En el marco de la elección judicial del próximo 1 de junio, las reglas están claras, aunque ahora muchos prefieren hacerse los desentendidos. La Constitución y las leyes secundarias no dejan lugar a interpretaciones alegres: únicamente el Instituto Nacional Electoral (INE) está facultado para promover institucionalmente esta inédita jornada electoral. Fuera de ese perímetro legal quedan partidos, asociaciones y, sobre todo, servidores públicos. No pueden destinar recursos, ni humanos ni materiales, para impulsar a tal o cual aspirante. Punto.
Y sin embargo, sobran los reclamos. Hay legisladores y funcionarios que, tras haber votado y celebrado las reglas del juego, hoy se lamentan de sus propias decisiones. Alegan que es excesiva la restricción impuesta a los aspirantes a jueces, magistrados y ministros, cuyas posibilidades de campaña se reducen a volantes, redes sociales costeadas con su bolsillo y foros abiertos sin exclusividad. Cierto, el esquema es limitado, incluso tosco, pero no hay nada nuevo bajo el sol: fueron ellos quienes aprobaron estas condiciones. ¿Ahora resulta que no les gustó el molde que ellos diseñaron?
El dilema, sin embargo, va más allá de la queja. En el fondo, estas quejas abren una discusión más profunda: ¿es posible democratizar el poder judicial si se restringe al extremo el debate público? Porque en los hechos, la elección judicial se está gestando bajo el silencio de las instituciones y con el margen de maniobra de los candidatos judiciales recortado al mínimo. No hay spots, no hay pautas oficiales, no hay debates televisados. Y para colmo, cualquier servidor público que se atreva a opinar corre el riesgo de ser sancionado por el árbitro electoral.
La paradoja es evidente. Se pretende legitimar al Poder Judicial por vía de las urnas, pero se bloquea el uso del aparato público para informar y entusiasmar a la ciudadanía. En una elección tan novedosa como esta, donde el común de los votantes desconoce quiénes son los aspirantes y cuál es su perfil, la promoción institucional era indispensable. Pero la ley prefirió apostar por la neutralidad absoluta, como si estuviéramos ante una elección rutinaria. Es un error de origen que hoy se traduce en una campaña invisible.

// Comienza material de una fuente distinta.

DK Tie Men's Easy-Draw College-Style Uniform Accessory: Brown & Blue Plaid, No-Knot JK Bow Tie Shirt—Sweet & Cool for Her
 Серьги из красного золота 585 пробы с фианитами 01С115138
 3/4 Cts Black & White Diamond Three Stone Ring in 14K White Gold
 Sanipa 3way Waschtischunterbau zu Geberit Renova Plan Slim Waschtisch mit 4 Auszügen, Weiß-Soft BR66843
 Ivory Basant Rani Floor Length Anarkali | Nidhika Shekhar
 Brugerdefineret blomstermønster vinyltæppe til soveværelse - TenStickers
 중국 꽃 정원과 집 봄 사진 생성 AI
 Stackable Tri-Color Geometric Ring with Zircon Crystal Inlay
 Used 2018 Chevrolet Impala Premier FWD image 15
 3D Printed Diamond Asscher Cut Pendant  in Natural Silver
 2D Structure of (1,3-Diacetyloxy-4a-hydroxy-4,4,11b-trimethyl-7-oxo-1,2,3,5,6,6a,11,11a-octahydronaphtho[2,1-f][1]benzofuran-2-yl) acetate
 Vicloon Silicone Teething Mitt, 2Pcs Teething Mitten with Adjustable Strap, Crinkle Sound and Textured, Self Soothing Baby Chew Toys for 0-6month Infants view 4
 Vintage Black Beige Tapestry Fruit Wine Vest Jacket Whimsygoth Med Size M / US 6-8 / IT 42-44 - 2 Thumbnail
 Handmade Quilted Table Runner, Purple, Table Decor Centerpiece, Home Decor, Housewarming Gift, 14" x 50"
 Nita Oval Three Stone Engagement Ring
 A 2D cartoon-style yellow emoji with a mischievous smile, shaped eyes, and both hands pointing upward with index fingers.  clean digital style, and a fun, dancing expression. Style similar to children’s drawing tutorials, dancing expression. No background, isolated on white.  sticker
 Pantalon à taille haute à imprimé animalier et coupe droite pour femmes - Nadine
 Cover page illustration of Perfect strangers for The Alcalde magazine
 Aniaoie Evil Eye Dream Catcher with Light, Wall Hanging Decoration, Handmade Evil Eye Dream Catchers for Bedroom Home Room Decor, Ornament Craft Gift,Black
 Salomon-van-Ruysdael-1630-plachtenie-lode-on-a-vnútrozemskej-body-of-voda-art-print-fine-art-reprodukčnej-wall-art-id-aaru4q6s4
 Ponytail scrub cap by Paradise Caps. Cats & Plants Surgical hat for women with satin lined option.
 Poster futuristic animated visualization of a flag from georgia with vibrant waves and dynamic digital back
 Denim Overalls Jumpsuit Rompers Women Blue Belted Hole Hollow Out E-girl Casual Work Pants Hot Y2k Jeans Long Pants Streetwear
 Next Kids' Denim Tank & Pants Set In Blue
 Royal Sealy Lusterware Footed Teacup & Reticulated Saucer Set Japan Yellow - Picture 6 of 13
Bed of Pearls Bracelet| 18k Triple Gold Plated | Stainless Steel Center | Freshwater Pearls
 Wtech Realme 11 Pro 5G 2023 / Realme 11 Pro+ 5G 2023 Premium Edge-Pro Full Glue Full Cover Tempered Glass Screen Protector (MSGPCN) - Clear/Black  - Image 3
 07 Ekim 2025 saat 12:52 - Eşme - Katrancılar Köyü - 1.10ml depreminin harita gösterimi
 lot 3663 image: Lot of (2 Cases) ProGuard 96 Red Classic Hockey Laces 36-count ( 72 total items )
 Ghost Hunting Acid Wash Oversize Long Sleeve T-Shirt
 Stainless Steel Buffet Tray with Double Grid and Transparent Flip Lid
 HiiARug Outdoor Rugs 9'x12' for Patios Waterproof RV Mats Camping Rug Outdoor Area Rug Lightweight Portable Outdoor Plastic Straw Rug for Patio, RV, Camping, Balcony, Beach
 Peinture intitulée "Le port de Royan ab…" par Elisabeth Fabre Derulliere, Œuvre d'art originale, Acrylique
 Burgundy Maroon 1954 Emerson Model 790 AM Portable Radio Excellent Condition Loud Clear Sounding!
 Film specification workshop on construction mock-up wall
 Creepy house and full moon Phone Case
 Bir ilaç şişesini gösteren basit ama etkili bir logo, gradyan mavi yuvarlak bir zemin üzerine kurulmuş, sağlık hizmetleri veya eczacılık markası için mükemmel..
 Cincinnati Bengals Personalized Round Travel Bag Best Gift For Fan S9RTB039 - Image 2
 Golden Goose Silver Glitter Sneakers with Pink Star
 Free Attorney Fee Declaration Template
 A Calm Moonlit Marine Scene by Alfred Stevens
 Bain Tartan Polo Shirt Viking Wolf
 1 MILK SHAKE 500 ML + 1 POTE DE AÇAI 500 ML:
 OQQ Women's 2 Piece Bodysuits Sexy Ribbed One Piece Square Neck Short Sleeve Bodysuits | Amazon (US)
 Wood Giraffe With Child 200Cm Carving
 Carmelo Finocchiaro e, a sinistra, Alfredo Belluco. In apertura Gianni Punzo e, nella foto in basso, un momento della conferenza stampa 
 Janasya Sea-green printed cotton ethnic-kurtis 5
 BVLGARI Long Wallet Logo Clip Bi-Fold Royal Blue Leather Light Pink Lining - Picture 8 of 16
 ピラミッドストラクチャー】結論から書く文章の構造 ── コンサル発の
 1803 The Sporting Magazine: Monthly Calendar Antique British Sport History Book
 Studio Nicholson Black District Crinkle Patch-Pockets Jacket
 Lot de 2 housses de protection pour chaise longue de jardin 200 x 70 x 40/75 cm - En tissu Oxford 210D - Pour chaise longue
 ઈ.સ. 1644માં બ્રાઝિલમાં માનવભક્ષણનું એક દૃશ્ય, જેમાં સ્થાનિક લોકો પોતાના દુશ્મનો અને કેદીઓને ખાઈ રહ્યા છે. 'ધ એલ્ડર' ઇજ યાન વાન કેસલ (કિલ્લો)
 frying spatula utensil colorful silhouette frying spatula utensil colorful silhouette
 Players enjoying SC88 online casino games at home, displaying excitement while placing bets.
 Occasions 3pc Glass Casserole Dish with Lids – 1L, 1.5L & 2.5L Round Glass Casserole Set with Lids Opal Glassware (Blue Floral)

No extraña entonces que sea el Tribunal Electoral quien tendrá que intervenir —otra vez— para definir hasta dónde pueden los servidores públicos participar en la promoción de la elección judicial. Esa indefinición lastima la certeza del proceso y, lo más grave, puede comprometer su legitimidad. Porque sin participación ciudadana, sin entusiasmo social, cualquier esfuerzo democratizador se vuelve letra muerta.
Al final, lo que hoy se impugna es la consecuencia directa de una reforma que fue celebrada con aplausos, pero sin previsión. El silencio de los funcionarios públicos en este proceso no es censura, es cumplimiento de la ley. Una ley que ellos mismos escribieron. Si ahora quieren cambiarla, que lo hagan en el Congreso, no desde la tribuna de los lamentos. Mientras tanto, la ciudadanía tiene derecho a saber que, en esta elección judicial, la información llegará a cuentagotas, y la participación será tan limitada como la voluntad política que la diseñó. Eso pienso yo, usted qué opina. La política es de bronce.